■ INSTRUCTIONS TO FOLLOW
A faithful copy of every entry is the goal; keep the images out of it.

[Scraped caption text data]
--- START ---

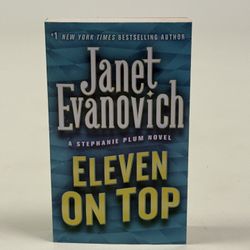 Bulk Romance / Mystery Book Lot – 10+ Books (Janet Evanovich, Nora Roberts & More)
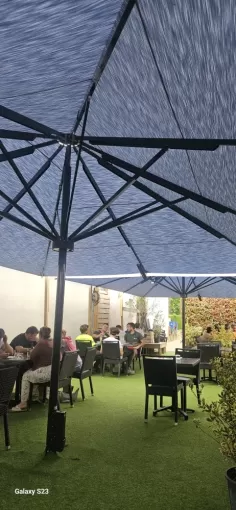 Parasol professionnel à la Villa bleu à Cambo les bains , Bayonne, Caballero Stores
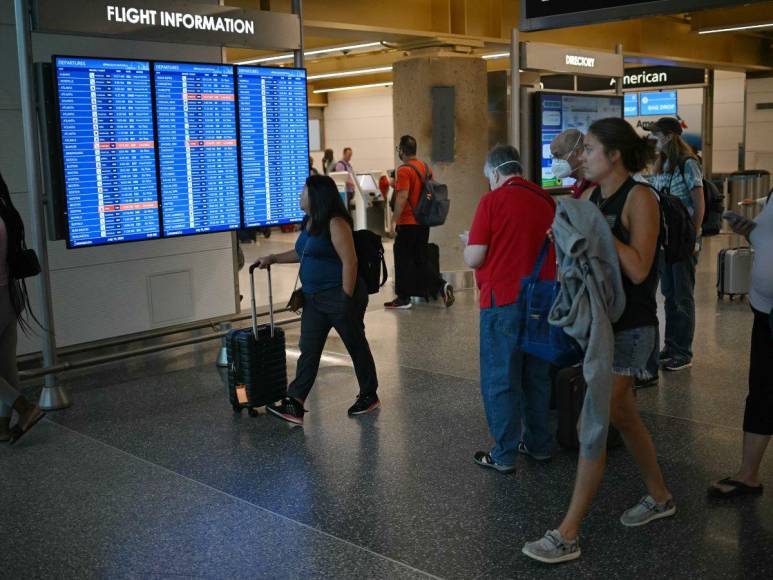 Aeropuertos colapsados: compañías aéreas suspenden vuelos por fallo informático a nivel mundial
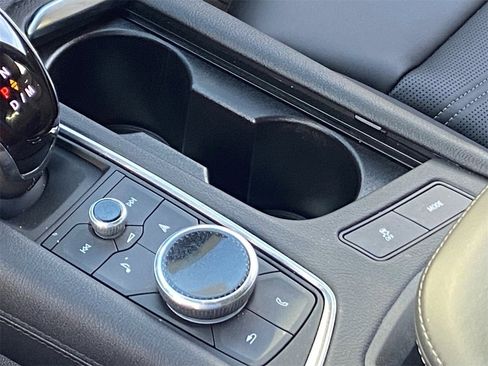 Certified 2025 Cadillac XT6 Premium Luxury w/ Platinum Package image 31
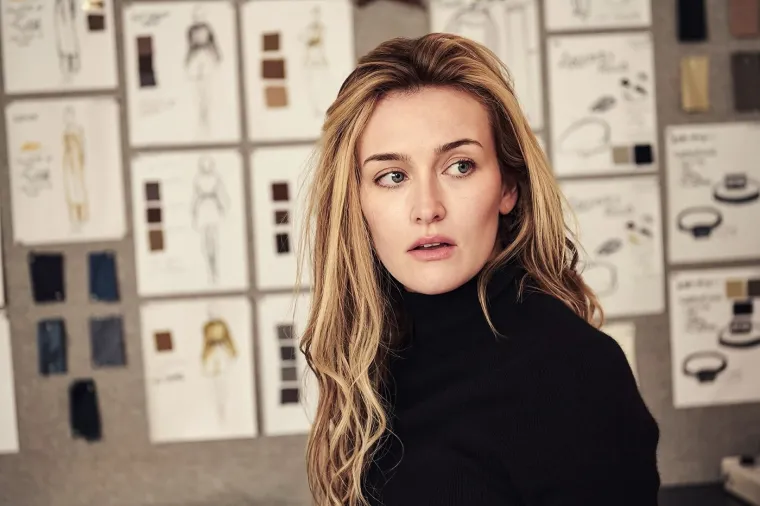 Cijeli svijet bruji o predivnoj plavu&scaron;i koja je utjelovila nesretnu Carolyn Bessette Kennedy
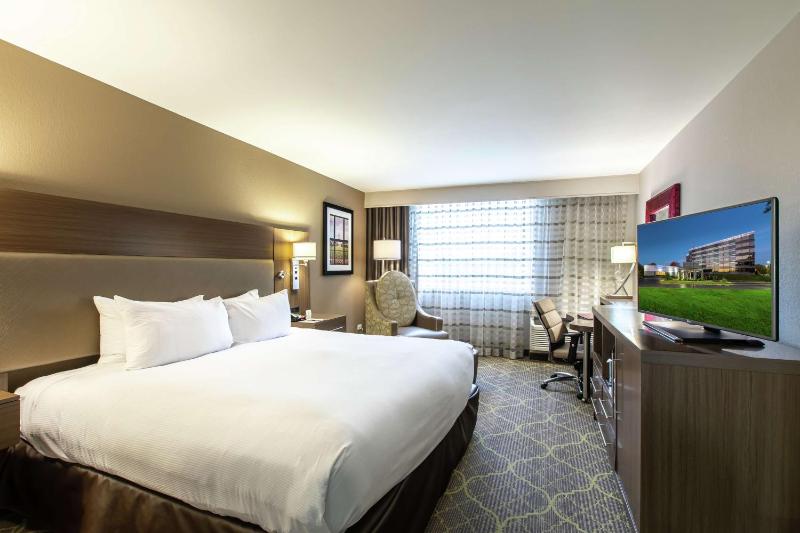 Queen Room with Two Queen Beds image 1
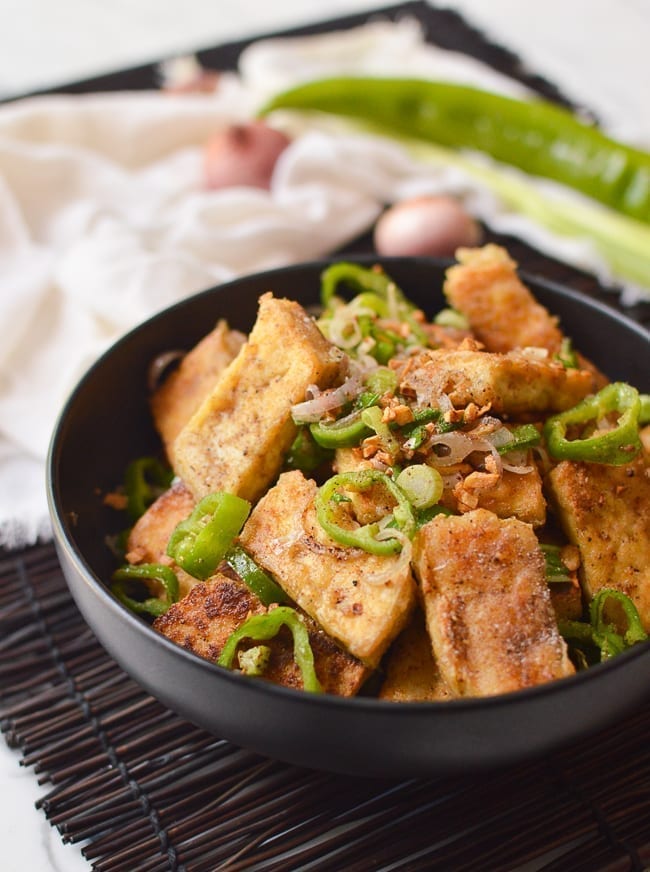 Salt and pepper tofu in black bowl, bmeteor.aiodimecu.cf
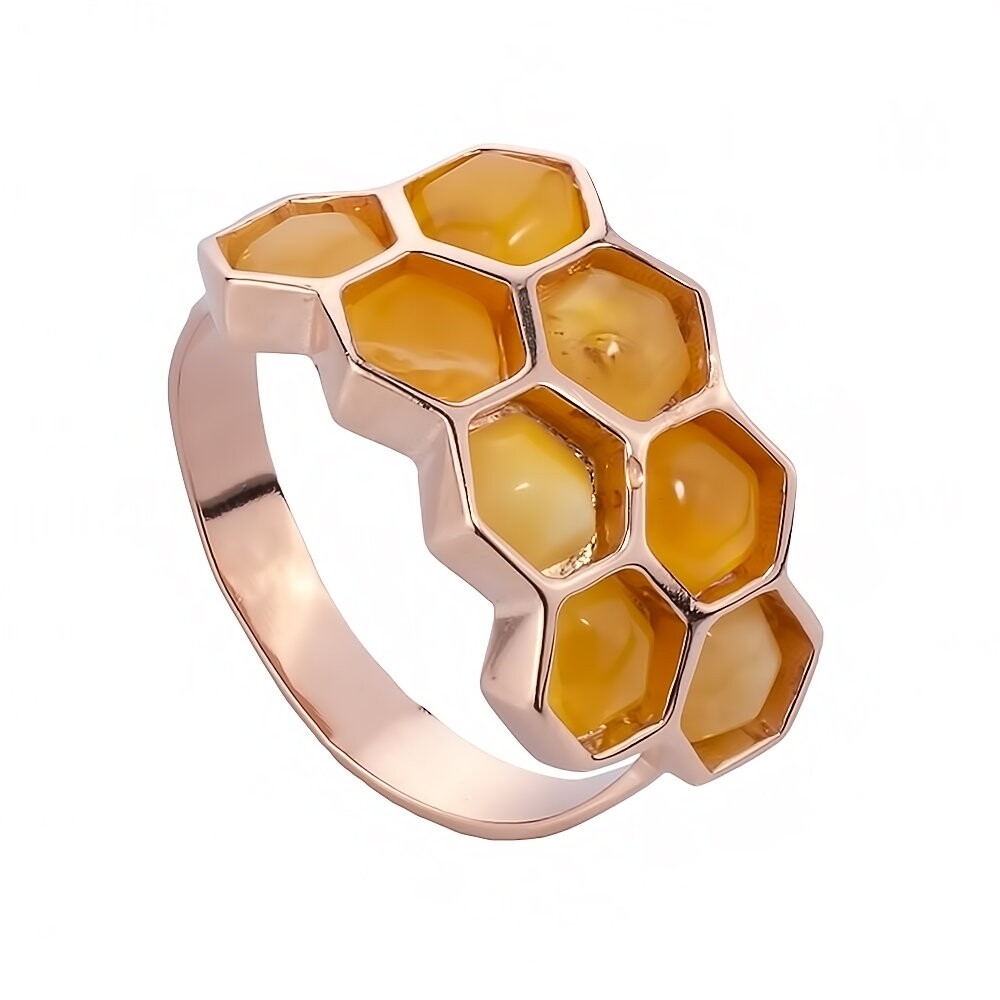Позолоченное кольцо в серебре с натуральным янтарем в авторском дизайне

--- END ---

■ RESULT OF THE TASK
 Bulk Romance / Mystery Book Lot – 10+ Books (Janet Evanovich, Nora Roberts & More)
 Parasol professionnel à la Villa bleu à Cambo les bains , Bayonne, Caballero Stores
 Aeropuertos colapsados: compañías aéreas suspenden vuelos por fallo informático a nivel mundial
 Certified 2025 Cadillac XT6 Premium Luxury w/ Platinum Package image 31
 Cijeli svijet bruji o predivnoj plavu&scaron;i koja je utjelovila nesretnu Carolyn Bessette Kennedy
 Queen Room with Two Queen Beds image 1
 Salt and pepper tofu in black bowl, bmeteor.aiodimecu.cf
Позолоченное кольцо в серебре с натуральным янтарем в авторском дизайне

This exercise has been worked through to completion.